Task to complete -
Only a slice of the listing below is wanted. Retype the lines from the one containing "Lektion 4. Essen und Trinken" through the one containing "Amazonブラックフライデ", exactly, both ends included.
++++ Available data ++++
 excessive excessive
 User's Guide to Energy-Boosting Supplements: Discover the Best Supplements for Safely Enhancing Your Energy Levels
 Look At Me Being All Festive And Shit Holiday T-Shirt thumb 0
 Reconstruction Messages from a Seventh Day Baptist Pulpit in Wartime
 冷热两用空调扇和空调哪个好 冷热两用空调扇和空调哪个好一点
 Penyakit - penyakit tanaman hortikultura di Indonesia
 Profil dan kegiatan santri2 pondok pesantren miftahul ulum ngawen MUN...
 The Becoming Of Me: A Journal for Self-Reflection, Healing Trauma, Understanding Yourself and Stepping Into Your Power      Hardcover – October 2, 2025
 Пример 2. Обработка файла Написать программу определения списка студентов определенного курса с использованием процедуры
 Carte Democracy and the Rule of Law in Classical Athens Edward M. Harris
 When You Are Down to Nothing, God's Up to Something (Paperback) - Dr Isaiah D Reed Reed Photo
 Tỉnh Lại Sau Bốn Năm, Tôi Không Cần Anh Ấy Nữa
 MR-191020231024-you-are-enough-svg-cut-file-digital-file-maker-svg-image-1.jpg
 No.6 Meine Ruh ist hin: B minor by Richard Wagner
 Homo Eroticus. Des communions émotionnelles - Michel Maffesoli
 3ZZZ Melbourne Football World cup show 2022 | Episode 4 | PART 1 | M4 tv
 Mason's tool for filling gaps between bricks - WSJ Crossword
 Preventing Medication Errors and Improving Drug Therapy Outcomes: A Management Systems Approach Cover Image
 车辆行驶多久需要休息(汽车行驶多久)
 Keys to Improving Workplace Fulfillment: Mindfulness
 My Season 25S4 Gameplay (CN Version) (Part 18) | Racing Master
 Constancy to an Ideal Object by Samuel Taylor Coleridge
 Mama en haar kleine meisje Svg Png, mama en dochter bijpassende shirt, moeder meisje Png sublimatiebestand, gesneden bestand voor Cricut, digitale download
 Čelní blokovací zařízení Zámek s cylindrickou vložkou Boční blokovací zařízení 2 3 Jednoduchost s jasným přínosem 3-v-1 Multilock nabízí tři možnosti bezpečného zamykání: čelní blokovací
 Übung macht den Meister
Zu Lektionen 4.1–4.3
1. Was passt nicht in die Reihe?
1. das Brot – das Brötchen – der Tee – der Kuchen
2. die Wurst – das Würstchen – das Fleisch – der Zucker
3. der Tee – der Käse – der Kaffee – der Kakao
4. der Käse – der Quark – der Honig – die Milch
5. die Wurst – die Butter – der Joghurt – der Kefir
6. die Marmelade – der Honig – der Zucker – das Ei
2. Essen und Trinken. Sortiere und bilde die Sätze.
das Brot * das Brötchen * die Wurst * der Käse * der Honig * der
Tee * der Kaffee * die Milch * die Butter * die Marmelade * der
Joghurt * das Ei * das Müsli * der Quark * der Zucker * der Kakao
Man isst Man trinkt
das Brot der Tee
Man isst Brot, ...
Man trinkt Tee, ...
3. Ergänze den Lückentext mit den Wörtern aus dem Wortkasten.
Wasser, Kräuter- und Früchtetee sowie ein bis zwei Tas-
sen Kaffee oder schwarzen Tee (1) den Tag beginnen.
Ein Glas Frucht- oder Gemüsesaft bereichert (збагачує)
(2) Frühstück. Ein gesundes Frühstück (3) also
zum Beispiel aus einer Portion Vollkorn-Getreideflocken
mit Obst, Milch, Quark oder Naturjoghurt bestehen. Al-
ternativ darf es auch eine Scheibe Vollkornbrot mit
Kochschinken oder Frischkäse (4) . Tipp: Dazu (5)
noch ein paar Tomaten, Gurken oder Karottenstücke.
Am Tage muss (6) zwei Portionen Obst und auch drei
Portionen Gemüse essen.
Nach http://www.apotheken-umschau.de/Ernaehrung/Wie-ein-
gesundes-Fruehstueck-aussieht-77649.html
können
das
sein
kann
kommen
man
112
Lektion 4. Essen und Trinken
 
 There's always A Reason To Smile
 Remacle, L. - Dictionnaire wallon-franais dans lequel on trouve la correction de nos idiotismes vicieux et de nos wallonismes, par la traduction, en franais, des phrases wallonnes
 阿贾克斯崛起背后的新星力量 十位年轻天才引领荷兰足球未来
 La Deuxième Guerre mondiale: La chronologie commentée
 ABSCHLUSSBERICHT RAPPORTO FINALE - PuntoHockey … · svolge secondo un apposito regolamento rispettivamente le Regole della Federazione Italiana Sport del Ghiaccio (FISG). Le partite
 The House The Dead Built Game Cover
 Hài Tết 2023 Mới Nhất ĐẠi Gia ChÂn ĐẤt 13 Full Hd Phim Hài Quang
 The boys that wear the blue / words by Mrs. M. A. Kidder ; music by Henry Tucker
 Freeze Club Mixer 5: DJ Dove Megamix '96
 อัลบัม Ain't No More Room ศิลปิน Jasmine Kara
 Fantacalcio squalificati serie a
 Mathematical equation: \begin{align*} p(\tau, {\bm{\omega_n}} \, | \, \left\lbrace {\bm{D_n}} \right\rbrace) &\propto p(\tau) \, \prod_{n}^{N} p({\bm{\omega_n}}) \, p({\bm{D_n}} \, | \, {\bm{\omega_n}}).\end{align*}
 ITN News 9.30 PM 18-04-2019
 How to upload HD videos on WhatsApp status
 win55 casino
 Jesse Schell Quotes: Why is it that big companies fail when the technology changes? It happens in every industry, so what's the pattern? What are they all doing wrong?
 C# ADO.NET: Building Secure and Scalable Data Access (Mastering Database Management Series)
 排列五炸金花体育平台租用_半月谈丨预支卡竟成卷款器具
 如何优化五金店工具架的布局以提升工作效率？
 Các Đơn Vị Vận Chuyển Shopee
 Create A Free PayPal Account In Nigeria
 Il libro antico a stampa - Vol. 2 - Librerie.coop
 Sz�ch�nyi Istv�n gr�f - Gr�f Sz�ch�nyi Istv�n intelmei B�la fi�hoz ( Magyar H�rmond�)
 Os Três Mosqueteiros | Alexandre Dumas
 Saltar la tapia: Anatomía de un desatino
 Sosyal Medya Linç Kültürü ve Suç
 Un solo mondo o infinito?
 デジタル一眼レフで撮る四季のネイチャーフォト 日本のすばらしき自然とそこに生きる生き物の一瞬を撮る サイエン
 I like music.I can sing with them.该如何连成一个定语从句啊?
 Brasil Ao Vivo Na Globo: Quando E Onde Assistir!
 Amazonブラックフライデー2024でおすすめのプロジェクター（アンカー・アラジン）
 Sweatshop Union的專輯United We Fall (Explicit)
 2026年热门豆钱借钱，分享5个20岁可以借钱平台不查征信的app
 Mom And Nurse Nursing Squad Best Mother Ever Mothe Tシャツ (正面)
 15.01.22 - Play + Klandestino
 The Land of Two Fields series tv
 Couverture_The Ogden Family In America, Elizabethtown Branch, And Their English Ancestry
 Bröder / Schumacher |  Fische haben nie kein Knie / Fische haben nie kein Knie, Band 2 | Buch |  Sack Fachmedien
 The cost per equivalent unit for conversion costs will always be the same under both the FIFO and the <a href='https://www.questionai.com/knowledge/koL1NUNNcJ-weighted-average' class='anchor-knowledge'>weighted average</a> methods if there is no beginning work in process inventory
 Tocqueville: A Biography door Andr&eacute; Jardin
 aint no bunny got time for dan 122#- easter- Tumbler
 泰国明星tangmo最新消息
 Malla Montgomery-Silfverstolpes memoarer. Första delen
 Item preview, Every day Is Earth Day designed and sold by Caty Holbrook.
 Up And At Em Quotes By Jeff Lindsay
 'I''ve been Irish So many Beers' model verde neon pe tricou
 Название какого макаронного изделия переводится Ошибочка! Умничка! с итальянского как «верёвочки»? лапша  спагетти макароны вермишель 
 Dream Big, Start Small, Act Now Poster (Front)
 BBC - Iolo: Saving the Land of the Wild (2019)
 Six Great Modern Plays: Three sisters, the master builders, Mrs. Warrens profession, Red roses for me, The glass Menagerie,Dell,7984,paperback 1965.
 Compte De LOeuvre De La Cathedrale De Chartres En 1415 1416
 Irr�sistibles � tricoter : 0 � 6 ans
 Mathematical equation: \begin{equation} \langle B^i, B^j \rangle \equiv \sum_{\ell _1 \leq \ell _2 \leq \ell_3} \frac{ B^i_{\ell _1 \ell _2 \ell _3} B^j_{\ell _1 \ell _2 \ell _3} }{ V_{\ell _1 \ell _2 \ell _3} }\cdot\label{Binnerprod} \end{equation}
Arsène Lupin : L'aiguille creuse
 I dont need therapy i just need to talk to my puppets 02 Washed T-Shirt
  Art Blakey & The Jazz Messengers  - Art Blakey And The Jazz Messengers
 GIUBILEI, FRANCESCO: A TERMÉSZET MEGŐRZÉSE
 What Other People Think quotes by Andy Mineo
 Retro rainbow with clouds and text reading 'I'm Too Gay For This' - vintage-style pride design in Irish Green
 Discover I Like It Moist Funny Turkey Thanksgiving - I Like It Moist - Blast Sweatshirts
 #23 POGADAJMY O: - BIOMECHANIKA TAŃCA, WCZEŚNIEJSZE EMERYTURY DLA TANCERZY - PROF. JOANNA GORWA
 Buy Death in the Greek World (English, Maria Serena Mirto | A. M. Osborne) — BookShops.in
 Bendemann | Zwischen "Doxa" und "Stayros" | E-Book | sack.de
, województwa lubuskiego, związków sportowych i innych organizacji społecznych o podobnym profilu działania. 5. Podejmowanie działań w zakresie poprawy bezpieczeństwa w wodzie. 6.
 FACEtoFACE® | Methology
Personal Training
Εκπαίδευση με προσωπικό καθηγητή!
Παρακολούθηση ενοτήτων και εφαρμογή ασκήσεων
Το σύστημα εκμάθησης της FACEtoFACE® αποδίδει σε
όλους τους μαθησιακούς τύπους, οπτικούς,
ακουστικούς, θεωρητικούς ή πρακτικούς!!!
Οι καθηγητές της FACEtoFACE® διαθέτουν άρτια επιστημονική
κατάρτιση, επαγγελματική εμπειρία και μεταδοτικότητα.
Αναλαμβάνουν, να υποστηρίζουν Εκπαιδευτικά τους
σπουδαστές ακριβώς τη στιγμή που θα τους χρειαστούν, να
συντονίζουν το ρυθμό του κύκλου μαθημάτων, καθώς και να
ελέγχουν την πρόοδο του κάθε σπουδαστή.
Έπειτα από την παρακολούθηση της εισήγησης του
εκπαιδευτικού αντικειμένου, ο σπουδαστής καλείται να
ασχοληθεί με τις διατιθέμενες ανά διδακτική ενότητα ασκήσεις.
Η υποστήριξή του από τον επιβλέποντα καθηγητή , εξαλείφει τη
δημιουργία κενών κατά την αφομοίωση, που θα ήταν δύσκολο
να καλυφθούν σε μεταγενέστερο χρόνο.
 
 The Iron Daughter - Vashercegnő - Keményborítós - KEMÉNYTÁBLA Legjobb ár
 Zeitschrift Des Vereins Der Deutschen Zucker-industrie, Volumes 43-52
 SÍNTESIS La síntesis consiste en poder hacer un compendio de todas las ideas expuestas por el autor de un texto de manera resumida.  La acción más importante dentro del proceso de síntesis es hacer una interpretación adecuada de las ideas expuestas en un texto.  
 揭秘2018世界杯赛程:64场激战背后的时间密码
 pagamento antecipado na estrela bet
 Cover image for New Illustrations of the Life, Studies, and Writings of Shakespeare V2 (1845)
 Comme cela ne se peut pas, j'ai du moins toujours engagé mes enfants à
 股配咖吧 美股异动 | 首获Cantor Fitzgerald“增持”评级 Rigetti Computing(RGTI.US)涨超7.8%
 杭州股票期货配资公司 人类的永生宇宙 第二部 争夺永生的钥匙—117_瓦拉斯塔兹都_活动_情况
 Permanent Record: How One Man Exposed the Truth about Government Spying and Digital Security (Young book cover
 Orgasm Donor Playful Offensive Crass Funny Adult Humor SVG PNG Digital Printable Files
++++
The answer -
Lektion 4. Essen und Trinken
 
 There's always A Reason To Smile
 Remacle, L. - Dictionnaire wallon-franais dans lequel on trouve la correction de nos idiotismes vicieux et de nos wallonismes, par la traduction, en franais, des phrases wallonnes
 阿贾克斯崛起背后的新星力量 十位年轻天才引领荷兰足球未来
 La Deuxième Guerre mondiale: La chronologie commentée
 ABSCHLUSSBERICHT RAPPORTO FINALE - PuntoHockey … · svolge secondo un apposito regolamento rispettivamente le Regole della Federazione Italiana Sport del Ghiaccio (FISG). Le partite
 The House The Dead Built Game Cover
 Hài Tết 2023 Mới Nhất ĐẠi Gia ChÂn ĐẤt 13 Full Hd Phim Hài Quang
 The boys that wear the blue / words by Mrs. M. A. Kidder ; music by Henry Tucker
 Freeze Club Mixer 5: DJ Dove Megamix '96
 อัลบัม Ain't No More Room ศิลปิน Jasmine Kara
 Fantacalcio squalificati serie a
 Mathematical equation: \begin{align*} p(\tau, {\bm{\omega_n}} \, | \, \left\lbrace {\bm{D_n}} \right\rbrace) &\propto p(\tau) \, \prod_{n}^{N} p({\bm{\omega_n}}) \, p({\bm{D_n}} \, | \, {\bm{\omega_n}}).\end{align*}
 ITN News 9.30 PM 18-04-2019
 How to upload HD videos on WhatsApp status
 win55 casino
 Jesse Schell Quotes: Why is it that big companies fail when the technology changes? It happens in every industry, so what's the pattern? What are they all doing wrong?
 C# ADO.NET: Building Secure and Scalable Data Access (Mastering Database Management Series)
 排列五炸金花体育平台租用_半月谈丨预支卡竟成卷款器具
 如何优化五金店工具架的布局以提升工作效率？
 Các Đơn Vị Vận Chuyển Shopee
 Create A Free PayPal Account In Nigeria
 Il libro antico a stampa - Vol. 2 - Librerie.coop
 Sz�ch�nyi Istv�n gr�f - Gr�f Sz�ch�nyi Istv�n intelmei B�la fi�hoz ( Magyar H�rmond�)
 Os Três Mosqueteiros | Alexandre Dumas
 Saltar la tapia: Anatomía de un desatino
 Sosyal Medya Linç Kültürü ve Suç
 Un solo mondo o infinito?
 デジタル一眼レフで撮る四季のネイチャーフォト 日本のすばらしき自然とそこに生きる生き物の一瞬を撮る サイエン
 I like music.I can sing with them.该如何连成一个定语从句啊?
 Brasil Ao Vivo Na Globo: Quando E Onde Assistir!
 Amazonブラックフライデー2024でおすすめのプロジェクター（アンカー・アラジン）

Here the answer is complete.